In the networking field, end-to-end network performance refers to some property of a network path measured by various metrics such as round-trip time (RTT), available bandwidth (ABW) and packet loss rate (PLR). While much progress has been made in network measurement, a main challenge in the acquisition of network performance on large-scale networks is the quadratical growth of the measurement overheads with respect to the number of network nodes, which renders the active probing of all paths infeasible. Thus, a natural idea is to measure a small set of paths and then predict the others where there are no direct measurements. This understanding has motivated numerous research on approaches to network performance prediction.

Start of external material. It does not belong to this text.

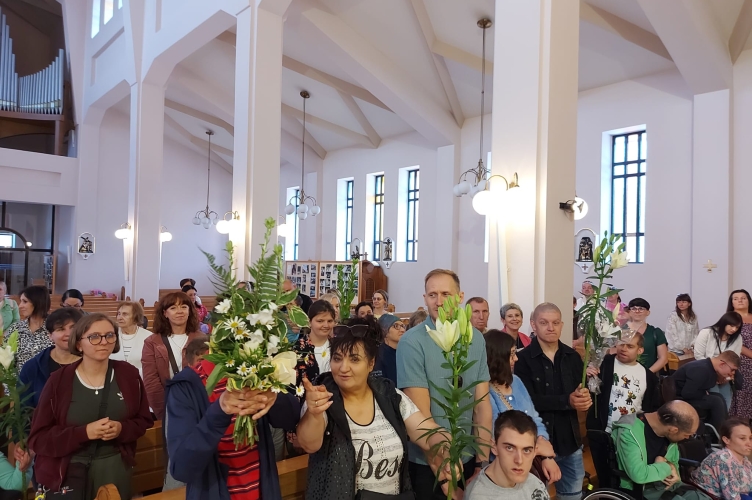 Doba Eucharystyczna w parafii Miłosierdzia Bożego | Piotrków Trybunalski 2026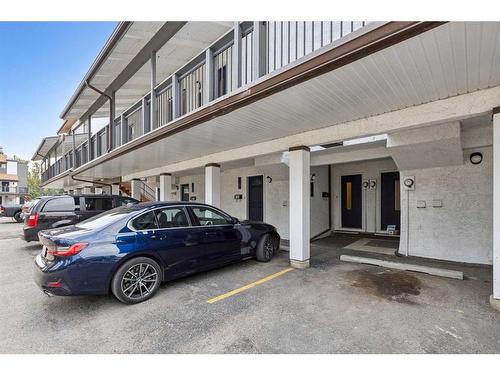 1101-2520 Palliser Drive Sw, Calgary, AB -  Photo Showing Garage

Commonly, the success of a prediction system is built on its scalability, efficiency, accuracy and practicability. For network performance prediction, two specific requirements have to be met. First, the prediction system should have a decentralized architecture which allows the natural deployment of the system within a networked application. Second, as different performance metrics are useful for different applications, the prediction system should be general and flexible to deal with various metrics in a unified framework.

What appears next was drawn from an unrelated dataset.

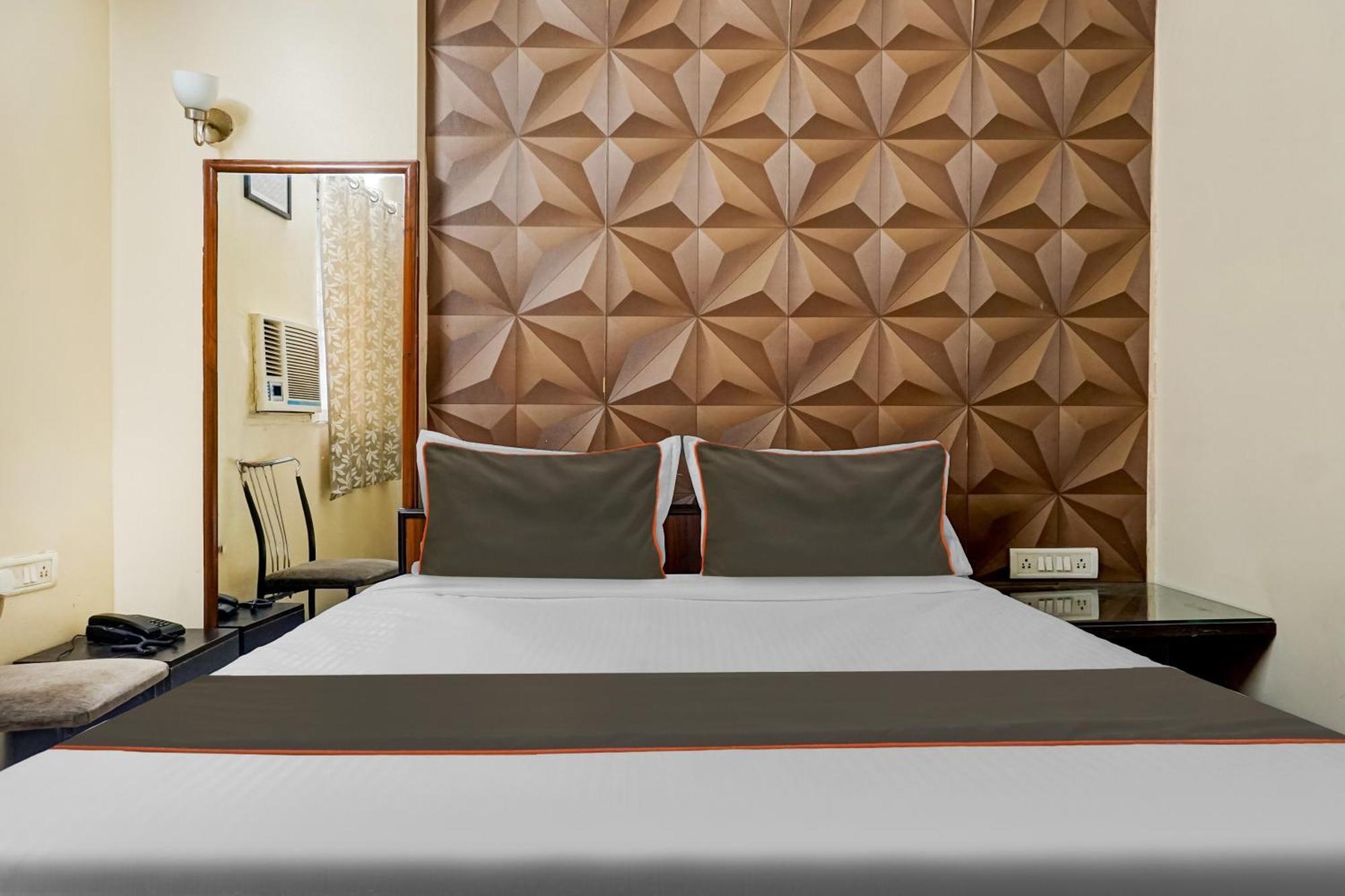 Hotel Galaxy Residency Kalyani Nagar Пуна Экстерьер фото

This thesis presents practical approaches to network performance prediction. There are three main contributions. First, the problem of network performance prediction is formulated as a matrix completion problem where the matrix contains performance measures between network nodes with some of them known and the others unknown and thus to be filled. This new formulation is advantageous in that it is flexible to deal with various metrics in a unified framework, despite their diverse nature. The only requirement is that the matrix to be completed has a low-rank characteristic, which has long been observed in performance matrices constructed from various networks and in various metrics.
Second, the matrix completion problem is solved by a novel approach called Decentralized Matrix Factorization by Stochastic Gradient Descent (DMFSGD). The approach requires neither explicit constructions of matrices nor special nodes such as landmarks and central servers. Instead, by letting network nodes exchange messages with each other, matrix factorization is collaboratively and iteratively achieved at all nodes, with each node equally retrieving a number of measurements. The approach is practical in that it is simple, with no infrastructure, and is computationally lightweight, containing only vector operations.

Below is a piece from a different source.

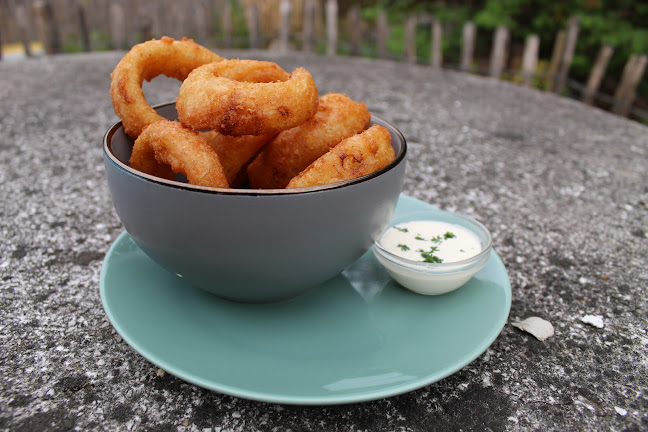 Helli‘s Imbiss - Gastronomie und Hotellerie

Third, instead of the conventional representation of exact metric values, this thesis also investigates coarse performance representations including binary classes (The performance is classified into binary classes of either ``good' or ``bad'.) and ordinal ratings (The performance is quantized from 1 star to 5 stars.). Such more qualitative than quantitative measures not only fulfill the requirements of many Internet applications, but also reduce the measurement cost and enable a unified treatment of various metrics. In addition, as both class and rating measures can be nicely integrated in the matrix completion framework, the same DMFSGD approach is applicable for their prediction, with little modification required.
The resulting prediction system has been extensively evaluated on various publicly-available datasets of two kinds of metrics, namely RTT and ABW. These experiments demonstrate not only the scalability and the accuracy of the DMFSGD approach but also its usability in real Internet applications. In addition, the benefits of predicting performance classes and ratings, rather than their actual values, are demonstrated by a use-case study on peer selection, a function that is commonly required in a number of network applications.